What is being asked:
Return all the data below as it stands, minus the pictures.

[Image-text web data]

'''

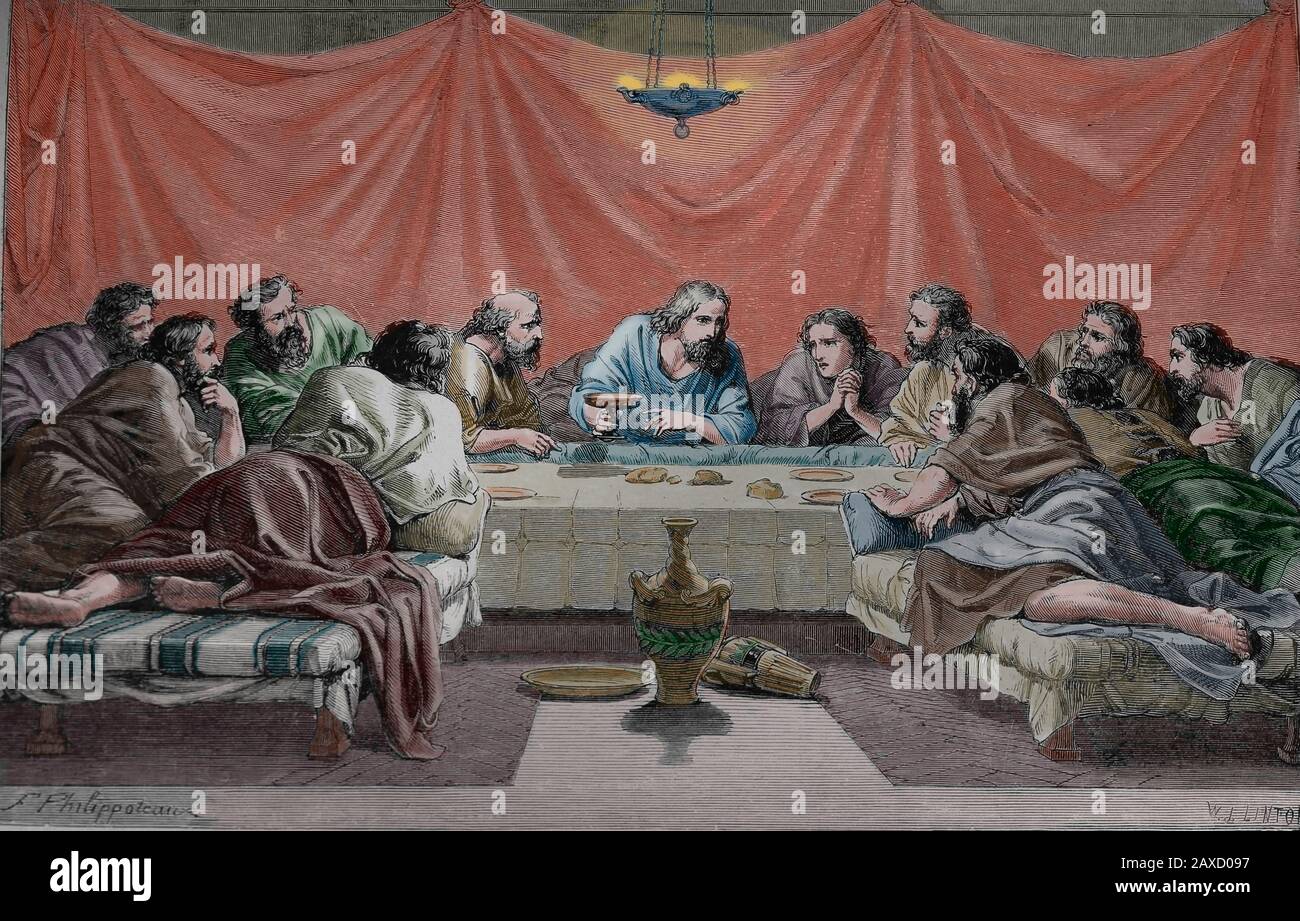 Neues Testamente. Letztes Abendmahl. Gravur, 19. Jahrhundert. Stockfoto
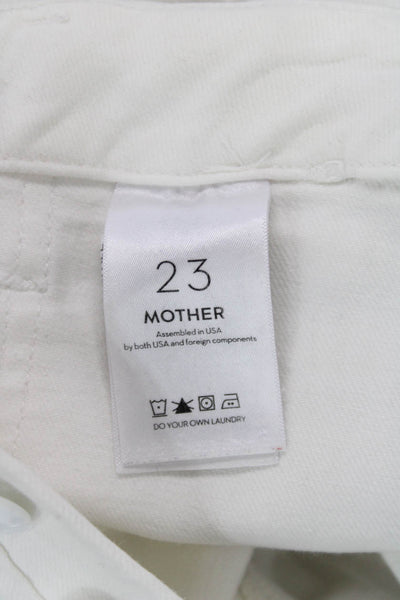 Mother Womens Cropped Cargo Pants White High Rise Button Fly Size 23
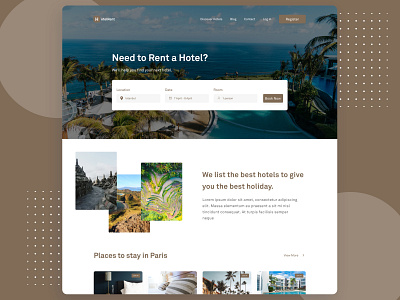 Hotel Rent - Website Design hotel hotel rent minimal rent website ui ui design uiux uxdesign webdesign website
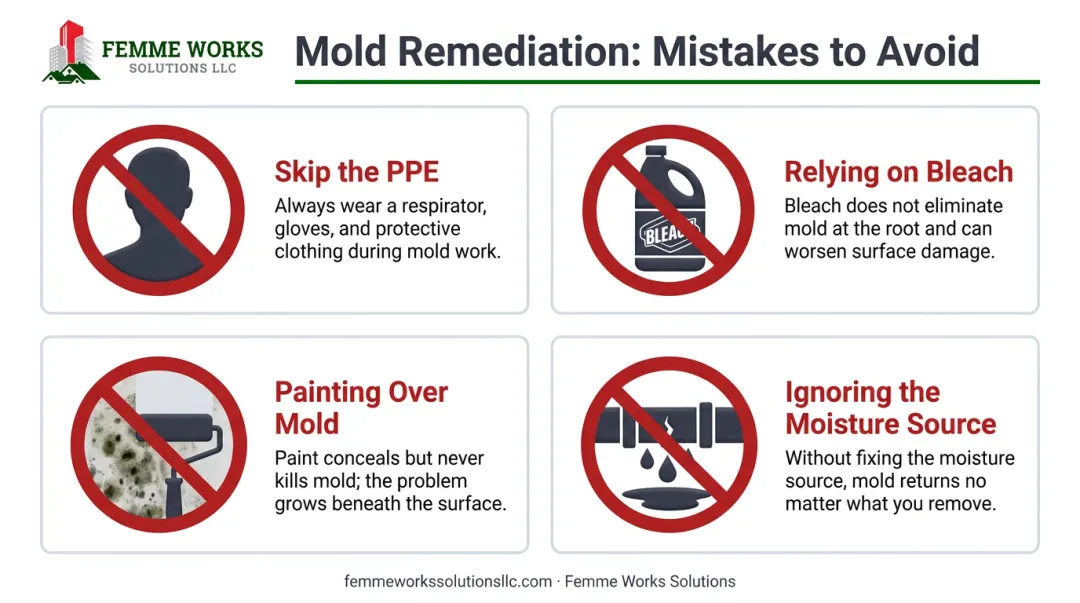 Four common and dangerous mold remediation mistakes to avoid infographic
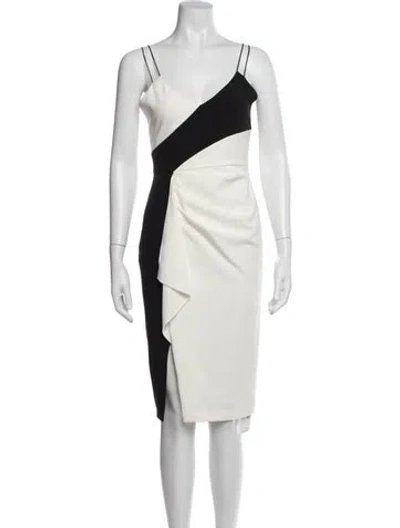 Pre-owned Parker Black Colorblock Pattern Knee-length Dress In Multi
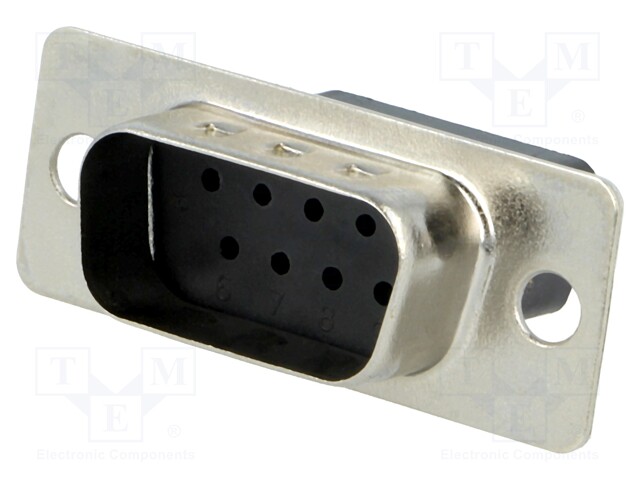D-Sub; PIN: 9; plug; male; w/o contacts; for cable; 250V; black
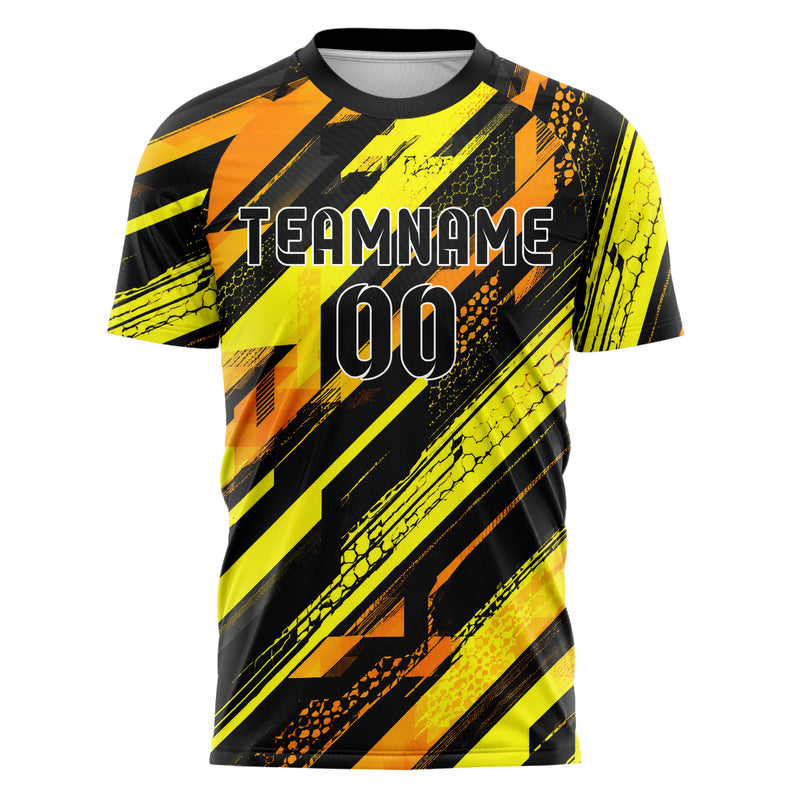 Gelb lebendiges Streifen breite diagonale Streifen Design 13-0144 individuelles Fußballtrikot front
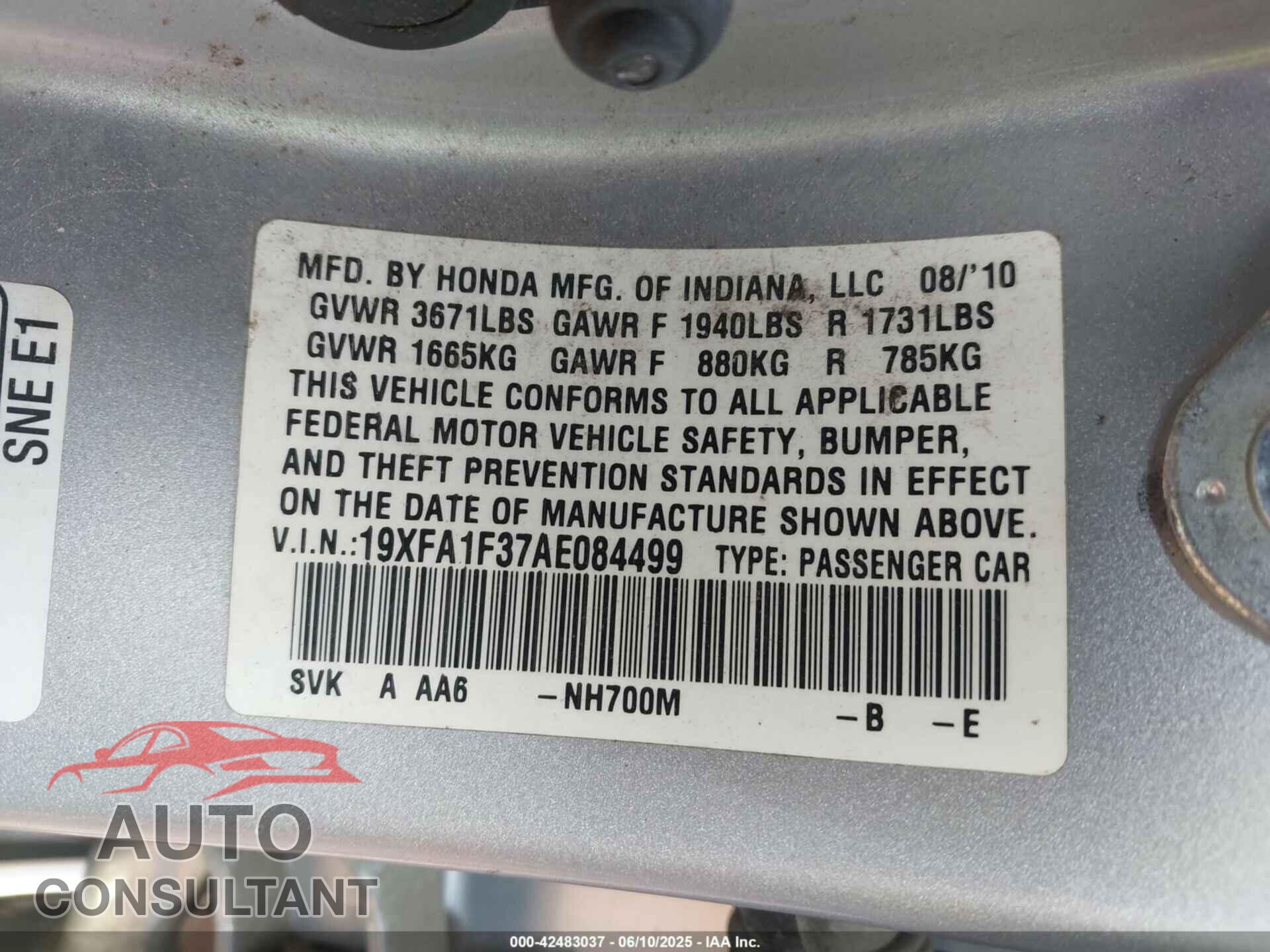 HONDA CIVIC 2010 - 19XFA1F37AE084499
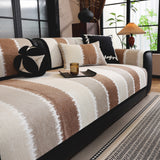 Striped Colorblock Non-Slip Sectional Couch Covers, Chenille Sofa Protector Cover - Ornate Home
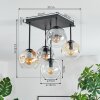 Ripoll Plafonnier, Boule lumineuse Ambre, Clair, Fumé, 5 lumières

'''

Reply:
 Neues Testamente. Letztes Abendmahl. Gravur, 19. Jahrhundert. Stockfoto
 Mother Womens Cropped Cargo Pants White High Rise Button Fly Size 23
 Hotel Rent - Website Design hotel hotel rent minimal rent website ui ui design uiux uxdesign webdesign website
 Four common and dangerous mold remediation mistakes to avoid infographic
 Pre-owned Parker Black Colorblock Pattern Knee-length Dress In Multi
D-Sub; PIN: 9; plug; male; w/o contacts; for cable; 250V; black
 Gelb lebendiges Streifen breite diagonale Streifen Design 13-0144 individuelles Fußballtrikot front
 HONDA CIVIC 2010 - 19XFA1F37AE084499
 Striped Colorblock Non-Slip Sectional Couch Covers, Chenille Sofa Protector Cover - Ornate Home
 Ripoll Plafonnier, Boule lumineuse Ambre, Clair, Fumé, 5 lumières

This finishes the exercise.